昨日は内科当番だった。当直は大学病院からバイトに来ている外科医(女性医師)で、時間外になってすぐに救急要請がきていた。話ぶりからすると交通事故の搬入要請だった。これは外科か整形外科になるので、そのまま帰宅した。ひとりくらいは内科入院の連絡が来るだろうと思っていたが、結局連絡は来なかった。
今日病院に来て、昨日の当直帯の受診を確認した。87歳男性が意識レベル低下で救急搬入されていた。腹痛は訴えていなかったが、腹部に筋性防御ありと記載していたので、診察所見で腹膜炎を疑ったようだ。
立位はとれないので、座位で胸部単純X線を撮影していたが、胃泡に接して遊離ガスが写っていた。これさえ捉まえれば、方針は決定される。
腹部造影CTで腹腔内遊離ガス像を確認して、後は消化管のどこが破れたかになる。S状結腸に接して少量の遊離ガスがあり、その肛門側にS状結腸が疑われた。夜の緊急手術が行われた。

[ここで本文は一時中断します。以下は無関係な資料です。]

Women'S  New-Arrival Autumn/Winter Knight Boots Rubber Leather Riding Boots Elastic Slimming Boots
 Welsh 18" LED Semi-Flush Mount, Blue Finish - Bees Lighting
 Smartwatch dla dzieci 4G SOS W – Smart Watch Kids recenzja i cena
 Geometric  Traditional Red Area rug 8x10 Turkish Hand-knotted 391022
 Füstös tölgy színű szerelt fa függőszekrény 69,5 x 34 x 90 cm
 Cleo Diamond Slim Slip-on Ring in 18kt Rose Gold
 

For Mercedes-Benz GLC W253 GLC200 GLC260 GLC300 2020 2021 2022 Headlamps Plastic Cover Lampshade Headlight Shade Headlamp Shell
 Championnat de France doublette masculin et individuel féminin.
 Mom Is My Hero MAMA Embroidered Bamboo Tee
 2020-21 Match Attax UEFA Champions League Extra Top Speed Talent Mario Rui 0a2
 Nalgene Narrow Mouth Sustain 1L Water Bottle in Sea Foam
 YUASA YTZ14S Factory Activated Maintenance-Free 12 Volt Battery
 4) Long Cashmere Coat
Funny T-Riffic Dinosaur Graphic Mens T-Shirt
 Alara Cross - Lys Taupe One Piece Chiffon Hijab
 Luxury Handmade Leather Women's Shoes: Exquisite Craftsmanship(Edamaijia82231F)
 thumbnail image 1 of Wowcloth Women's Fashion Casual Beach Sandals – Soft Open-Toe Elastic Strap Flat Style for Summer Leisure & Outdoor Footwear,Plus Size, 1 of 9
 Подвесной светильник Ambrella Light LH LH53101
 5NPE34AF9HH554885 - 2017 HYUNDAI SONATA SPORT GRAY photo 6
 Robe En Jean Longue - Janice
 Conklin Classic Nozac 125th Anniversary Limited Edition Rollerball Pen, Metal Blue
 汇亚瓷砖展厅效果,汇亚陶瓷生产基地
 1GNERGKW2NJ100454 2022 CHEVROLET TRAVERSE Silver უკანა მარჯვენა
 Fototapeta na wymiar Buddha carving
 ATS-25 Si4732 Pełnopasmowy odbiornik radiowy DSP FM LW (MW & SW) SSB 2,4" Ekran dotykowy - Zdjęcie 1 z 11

今日外科医に訊いたところ、S状結腸癌があり、癌そのものではなく、その口側で穿孔を来していたそうだ。
消化管穿孔が疑われて、立位がとれない時は、左下デクビタス(右だと胃泡と重なるので左)で撮影することになっているが、座位でもちゃんと写るのだった。
最近は腹痛で痛がっていても、(ショックでなければ)すぐ終わるから頑張って一瞬だけ立位になって、とお願いして立位で撮影している。腹部CTをとればわかるが、単純X線で遊離ガスがあれば即外科に連絡するので、診断治療の流れは速い。
今回は血圧が低下して(99/77)、意識レベルも低下しているので、立位は不可能だ。それにして夜間緊急手術の外科医は大変だ。年齢を考えると術後管理も順調にいかないかもしれない。